This section might better be titled, "Knowing where you are in relation to the grid, knowing where you want to go, and figuring out how to get there without really trying," but it wouldn't fit on the menu so I had to settle for "getting around." My apologies if you thought this page was going to tell you all about the keyboard. Here, we are going to talk about a portion of the "status bar," the "control bar," and the "navigation options" on the menu bar.
On the previous page, I mentioned that the
working area is divided up by lines that form a grid, and that only a small
percentage of the grid can be viewed at any one time. This situation
can cause problems if your track is larger than a single working window
(and most are), or if you want to resume work on a track that was begun
on an earlier date, or simply to return to a location that you were working
on during the same session but that you had moved away from.
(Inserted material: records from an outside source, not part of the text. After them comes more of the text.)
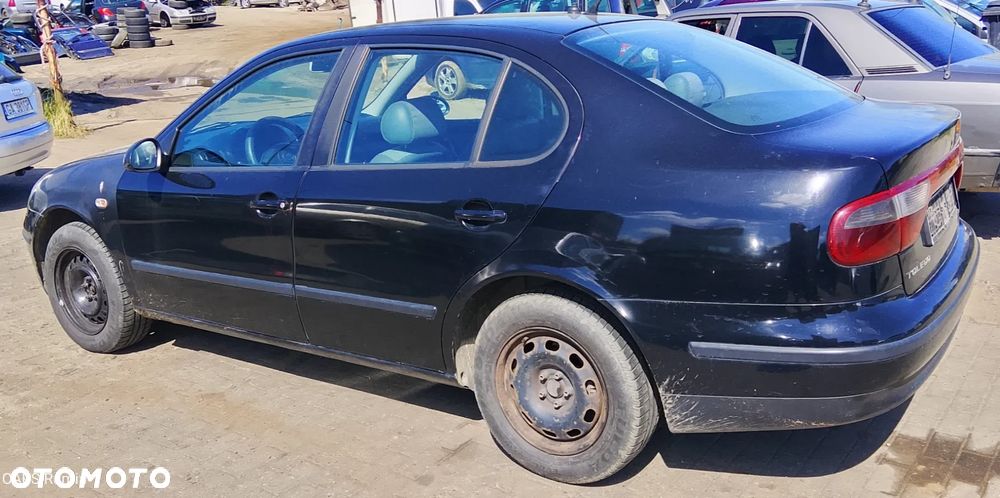 SEAT TOLEDO - 3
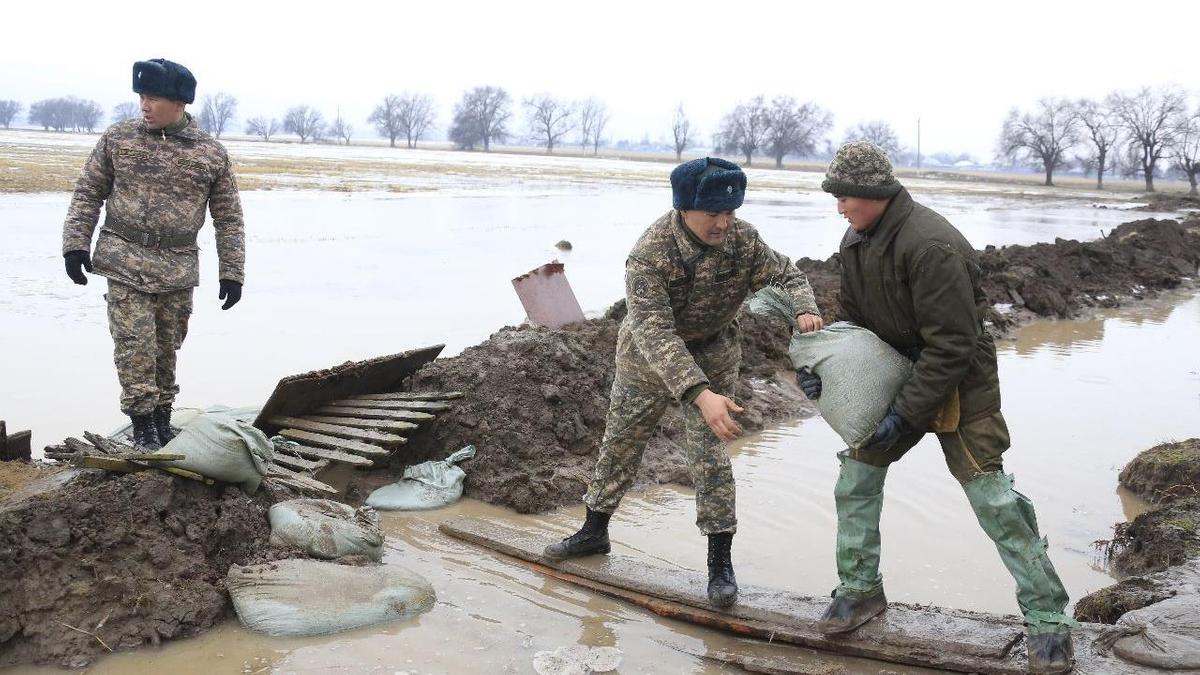 әскери қызметшілер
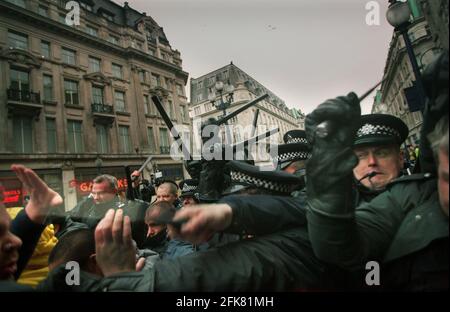 London Mayday Demonstrations 2001  Police use batons on protesters and photographers in Oxford Circus during the mayday  protests Stock Photo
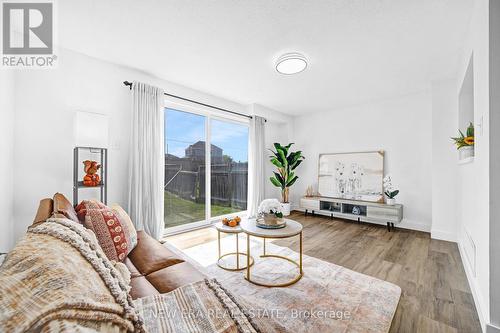 111 Nathan Crescent, Barrie, ON - Indoor Photo Showing Living Room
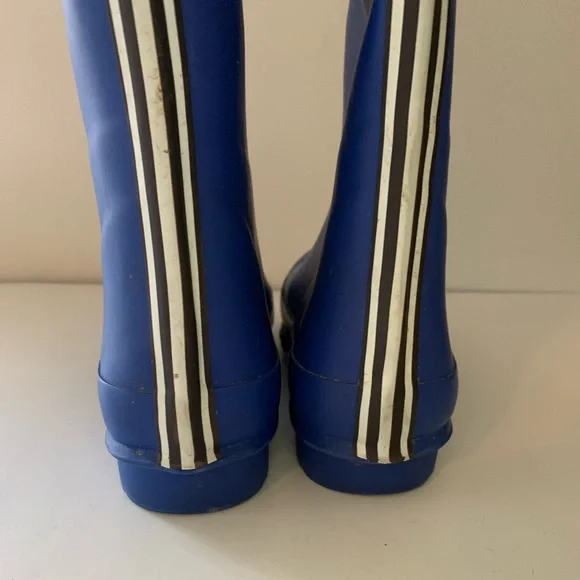 Henri Bendel Blue Rubber Rain Boots Wellies, 8 - Picture 7 of 14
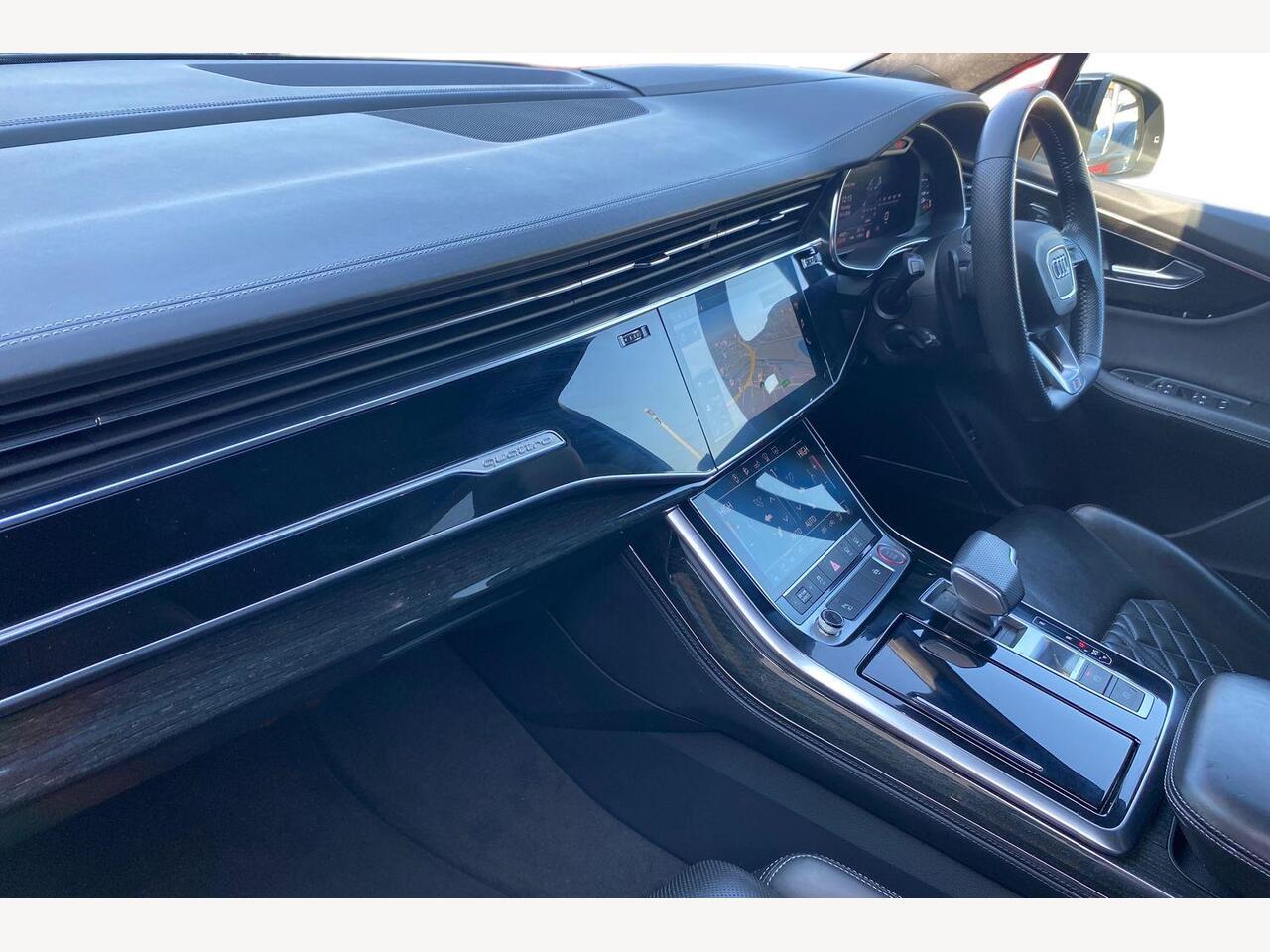 Used Audi Q7 2020 for sale - 77972259: Photo 2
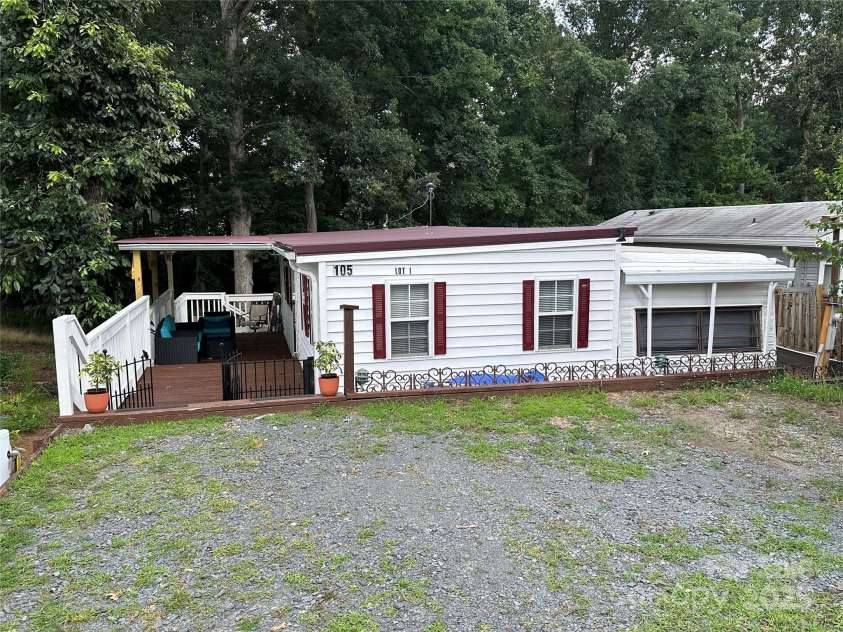 105 Marina Lane, New London, NC 28127.  MLS# CAR4276987, YatesRealty ID 30102. 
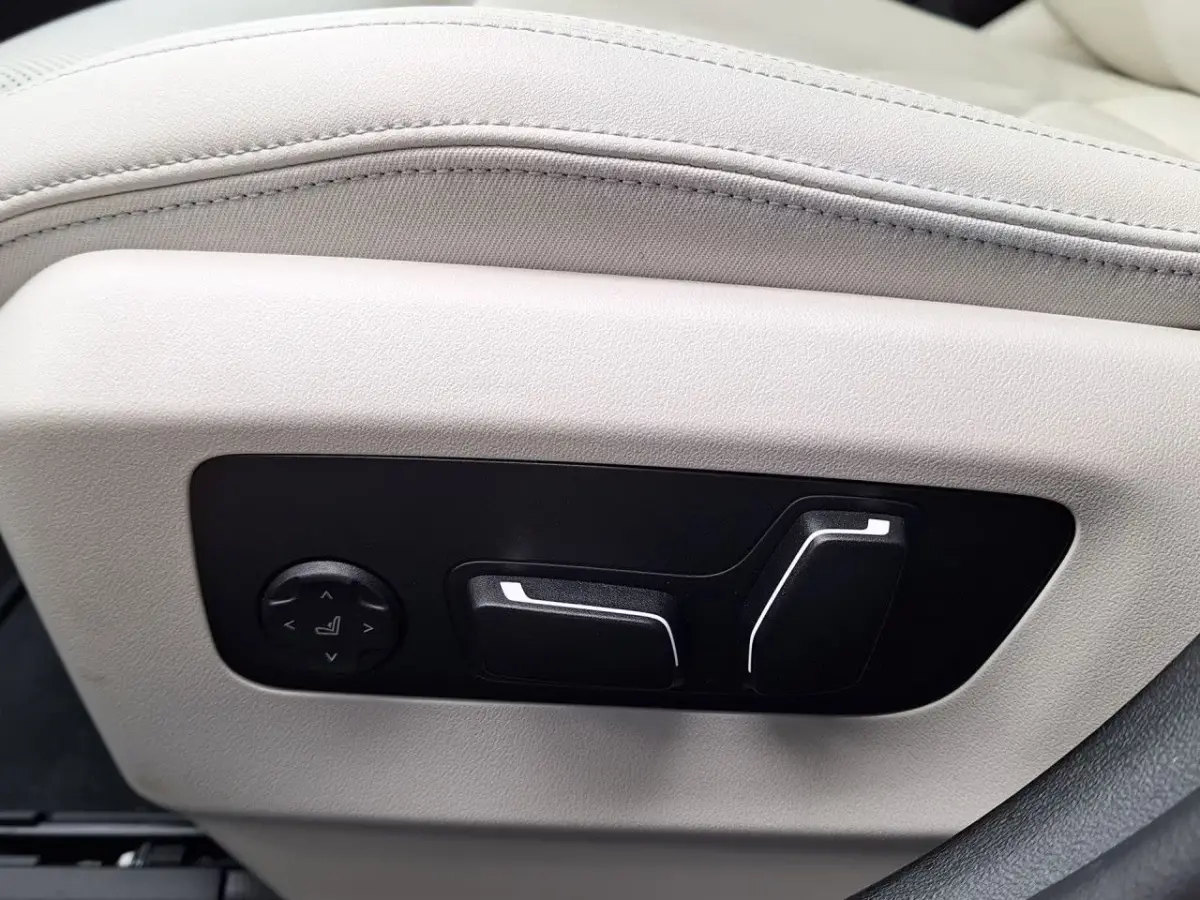 550e xDrive M-SPORT ** PANORAMA, IVORY LEDER, TREKH, 20-inch LMV, ADAPT. CRUISE ** 1e EIG - UNGALLFREI - Ex. BMW ** ** INFORMEER OOK NAAR ONZE AANTREKKELIJKE FINANCIAL-LEASE TARIEVEN **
Fortunately,
Traxx has several features that help make moving and finding your way around
quick and easy.
The Status Bar
Located in the bottom right hand corner of the Traxx window, in the
status line, are three values labeled "x", "y" and "z", and they look like
These numbers correspond to the simplest coordinate geometry.
"X" = the horizontal axis (west/east grid lines) and "Y" = the vertical
axis (north/south grid lines). [note : "z" = the height above ground,
but is less important for the present discussion]. The x and y "values"
correspond to grid lines. One number = one grid line. On the
x-axis, 0 (zero) is located on the far left and the numbers increase as
you move to the right until you finally reach 255 at the far right side.
Likewise, on the y-axis, 0 (zero) is located on the bottom and the numbers
increase as you move upward until you finally reach 255 at the top.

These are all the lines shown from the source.